After the Prime Minister’s surprise announcement on Thursday morning that he was breaking off negotiations about the implementation of the Leveson proposals, initial concerns about the suitability of the Bill for provisions relating to press regulation gave way to a free for all which saw both sides dashing about with drafts and re-drafts of their respective amendments. MPs are now being expected to make decisions on amendments that have only just emerged from the Public Bill Office with the ink still glistening upon them.
The slew of comment pieces in yesterday's newspapers, with their references to slippery slopes and a descent into dictatorship, seems to bear little relationship to what appears on the Order Paper tomorrow. My reading of the Bill documents has been punctuated by phone calls from colleagues and a slew of emails from constituents urging me to do one thing or the other on the issue. There will be no need to prepare a lengthy speech for the debate, because in the proposed Programme Motion, only three hours have been allocated for it. J Alfred Prufrock MP is alive and well at this hour.
What, then, are backbenchers to make of it all? Firstly, it is worth reminding ourselves what Leveson came up with. Did he advocate a system of regulation that would have made a 20th Century dictator proud? Not a bit of it. He proposed a self-regulatory system of press regulation whose membership would remain voluntary, but with some incentives for those who join the system rather than remaining outside. The independent regulator should be verified by an independent board whose sole job will be to check that the regulatory system was working as it should. This part of the Leveson Report really has nothing to do with the day-to-day work of journalists. Of far greater relevance to their work are the Leveson proposals that relate to data protection, which I have huge reservations about and which are not the subject of tomorrow’s debate.
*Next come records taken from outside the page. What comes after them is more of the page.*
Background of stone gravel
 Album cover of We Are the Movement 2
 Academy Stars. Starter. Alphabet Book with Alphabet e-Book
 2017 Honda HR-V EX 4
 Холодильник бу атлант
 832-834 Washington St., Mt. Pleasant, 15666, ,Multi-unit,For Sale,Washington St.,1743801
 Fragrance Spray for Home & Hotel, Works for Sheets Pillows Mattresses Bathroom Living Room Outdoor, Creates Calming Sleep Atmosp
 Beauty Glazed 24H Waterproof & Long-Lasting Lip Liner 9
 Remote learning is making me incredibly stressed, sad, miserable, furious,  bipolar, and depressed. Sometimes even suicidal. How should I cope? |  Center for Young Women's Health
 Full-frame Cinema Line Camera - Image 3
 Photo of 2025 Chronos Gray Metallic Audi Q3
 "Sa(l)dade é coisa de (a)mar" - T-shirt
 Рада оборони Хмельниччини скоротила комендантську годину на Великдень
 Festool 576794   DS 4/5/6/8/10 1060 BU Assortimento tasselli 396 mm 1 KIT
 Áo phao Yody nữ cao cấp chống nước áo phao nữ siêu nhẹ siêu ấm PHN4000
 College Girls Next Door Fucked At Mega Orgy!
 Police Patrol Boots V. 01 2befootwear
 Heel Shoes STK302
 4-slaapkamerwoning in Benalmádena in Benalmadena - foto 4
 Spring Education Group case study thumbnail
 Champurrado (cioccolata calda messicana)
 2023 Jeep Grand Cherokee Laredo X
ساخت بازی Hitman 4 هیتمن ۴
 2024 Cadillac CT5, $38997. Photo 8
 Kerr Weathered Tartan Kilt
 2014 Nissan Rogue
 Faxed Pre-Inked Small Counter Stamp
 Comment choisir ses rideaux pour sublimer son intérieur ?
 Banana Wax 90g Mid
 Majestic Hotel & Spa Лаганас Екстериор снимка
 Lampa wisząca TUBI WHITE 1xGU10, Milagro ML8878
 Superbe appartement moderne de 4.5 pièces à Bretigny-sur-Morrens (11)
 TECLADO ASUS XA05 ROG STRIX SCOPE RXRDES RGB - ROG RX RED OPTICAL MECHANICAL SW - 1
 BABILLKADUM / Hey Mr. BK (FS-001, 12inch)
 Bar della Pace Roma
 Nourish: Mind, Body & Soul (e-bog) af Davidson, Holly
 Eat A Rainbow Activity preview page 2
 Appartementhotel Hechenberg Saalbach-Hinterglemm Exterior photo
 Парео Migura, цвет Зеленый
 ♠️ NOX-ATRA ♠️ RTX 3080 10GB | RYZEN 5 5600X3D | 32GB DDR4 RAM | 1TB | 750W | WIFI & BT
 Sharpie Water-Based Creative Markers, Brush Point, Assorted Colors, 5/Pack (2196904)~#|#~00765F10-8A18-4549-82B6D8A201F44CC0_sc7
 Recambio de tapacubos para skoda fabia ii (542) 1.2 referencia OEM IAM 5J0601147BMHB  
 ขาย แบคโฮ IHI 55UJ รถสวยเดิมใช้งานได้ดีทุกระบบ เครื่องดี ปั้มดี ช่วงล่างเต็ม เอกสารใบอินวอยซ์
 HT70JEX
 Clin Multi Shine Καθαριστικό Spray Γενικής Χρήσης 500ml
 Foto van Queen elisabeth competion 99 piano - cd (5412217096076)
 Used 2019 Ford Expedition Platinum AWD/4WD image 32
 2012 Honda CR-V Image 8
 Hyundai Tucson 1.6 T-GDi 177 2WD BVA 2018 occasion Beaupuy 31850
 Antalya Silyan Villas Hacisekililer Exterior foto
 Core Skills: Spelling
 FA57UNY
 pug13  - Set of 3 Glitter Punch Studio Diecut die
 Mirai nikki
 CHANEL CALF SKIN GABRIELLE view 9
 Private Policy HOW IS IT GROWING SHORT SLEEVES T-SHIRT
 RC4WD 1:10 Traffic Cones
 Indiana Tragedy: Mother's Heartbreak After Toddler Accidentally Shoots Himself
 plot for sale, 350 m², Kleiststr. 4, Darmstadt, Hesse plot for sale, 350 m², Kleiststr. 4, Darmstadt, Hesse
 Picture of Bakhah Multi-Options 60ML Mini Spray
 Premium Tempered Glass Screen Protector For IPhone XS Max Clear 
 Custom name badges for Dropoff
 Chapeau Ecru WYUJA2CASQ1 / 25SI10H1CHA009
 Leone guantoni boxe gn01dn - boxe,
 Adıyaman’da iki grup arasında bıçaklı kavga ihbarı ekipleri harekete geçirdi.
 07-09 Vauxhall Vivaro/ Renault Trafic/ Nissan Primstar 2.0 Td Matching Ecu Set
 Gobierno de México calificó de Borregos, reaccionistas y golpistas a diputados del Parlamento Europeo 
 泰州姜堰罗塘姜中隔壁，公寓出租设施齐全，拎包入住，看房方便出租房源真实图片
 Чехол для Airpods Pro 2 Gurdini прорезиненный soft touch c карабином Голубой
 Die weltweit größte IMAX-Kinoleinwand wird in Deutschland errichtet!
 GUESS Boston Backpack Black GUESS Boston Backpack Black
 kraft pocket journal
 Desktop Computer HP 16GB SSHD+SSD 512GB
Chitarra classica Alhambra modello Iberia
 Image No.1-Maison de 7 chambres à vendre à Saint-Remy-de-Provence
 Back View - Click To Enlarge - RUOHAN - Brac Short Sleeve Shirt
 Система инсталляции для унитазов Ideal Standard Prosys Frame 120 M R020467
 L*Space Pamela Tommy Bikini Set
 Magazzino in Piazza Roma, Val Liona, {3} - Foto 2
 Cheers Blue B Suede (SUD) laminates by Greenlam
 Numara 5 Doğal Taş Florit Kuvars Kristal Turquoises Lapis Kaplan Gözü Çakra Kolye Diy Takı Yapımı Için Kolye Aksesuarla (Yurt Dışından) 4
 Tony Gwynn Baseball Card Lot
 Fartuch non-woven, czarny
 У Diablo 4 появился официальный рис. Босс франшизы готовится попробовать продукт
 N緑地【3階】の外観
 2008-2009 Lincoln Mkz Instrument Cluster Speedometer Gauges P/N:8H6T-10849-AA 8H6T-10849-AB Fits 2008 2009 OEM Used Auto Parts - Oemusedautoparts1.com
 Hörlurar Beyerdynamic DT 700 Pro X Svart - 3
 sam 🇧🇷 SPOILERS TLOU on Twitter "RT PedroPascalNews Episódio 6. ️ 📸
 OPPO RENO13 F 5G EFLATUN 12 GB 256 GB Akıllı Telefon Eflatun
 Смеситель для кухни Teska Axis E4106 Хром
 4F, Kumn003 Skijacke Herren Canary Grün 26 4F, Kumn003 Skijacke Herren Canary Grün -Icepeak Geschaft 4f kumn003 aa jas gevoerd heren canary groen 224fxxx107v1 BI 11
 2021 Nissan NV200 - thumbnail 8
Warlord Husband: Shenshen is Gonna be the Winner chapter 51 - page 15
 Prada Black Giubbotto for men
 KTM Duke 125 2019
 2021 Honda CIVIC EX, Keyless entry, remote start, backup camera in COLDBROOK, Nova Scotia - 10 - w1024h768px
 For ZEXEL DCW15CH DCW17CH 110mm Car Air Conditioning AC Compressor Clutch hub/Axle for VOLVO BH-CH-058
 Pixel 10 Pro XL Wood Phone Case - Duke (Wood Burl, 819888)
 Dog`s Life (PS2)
It is worth recalling why the Prime Minister decided to appoint an Inquiry in the first place, too. Some parts of our national press were behaving in ways that affected the lives of innocent people, who were not able to gain appropriate redress for the wrongs that had been done to them. Recourse to costly court actions in libel and breach of privacy remain far out of the reach of most of us, and for the victims of phone hacking, the fact that they remained unaware of this abuse for years made it impossible for the police and criminal justice system to take action too. After years and years of final chances, crunch time has surely come.
In this endgame, then, what is left to debate? Having read both the Government’s draft Royal Charter and that proposed by the Labour Party, the differences between them can hardly be described as massive. I believe that the nature of the differences between the two documents boils down to two key issues: whether or not appointments to the new Regulator should be truly independent of the press and whether the new regulator should have the power to “direct” appropriate remedial action by those in breach of their standards (Lib/Lab Charter), as opposed to having the power to “require” appropriate remedial action (Government Charter).
A truly independent regulator simply has to be able to make appointments in a way that does not give the industry that it is supposed to be regulating an effective veto. As for “require” versus “direct”, people can be forgiven for believing them to be one and the same thing. There is, however, a small but important difference. A “direction” implies mandatory compliance, which is essential if we are to see appropriate remedies for breaches, such as apologies printed with an equal degree of prominence as the original article.
The essence of the argument is no longer a question of whether there should be any legislative underpinning, but a matter of how far this underpinning should go. By tabling about a dozen amendments creating a regime of aggravated damages and increased costs that will apply to those media outlets that choose not to come within the new regulatory system, the Government has already crossed its legislative Rubicon. The Opposition amendments, which already have the support of the Lib Dems and other minority parties, represent a position that, in the absence of a final deal on the terms of a Royal Charter, will be necessary to set out in legislation the terms of reference for an independent regulator that would otherwise have been contained within a Charter. I hope that an agreement can be reached that delivers the Leveson principles. A debate in the Commons could be full of sound and fury, but if it ends up signifying nothing then that will be a damaging failure for all of us.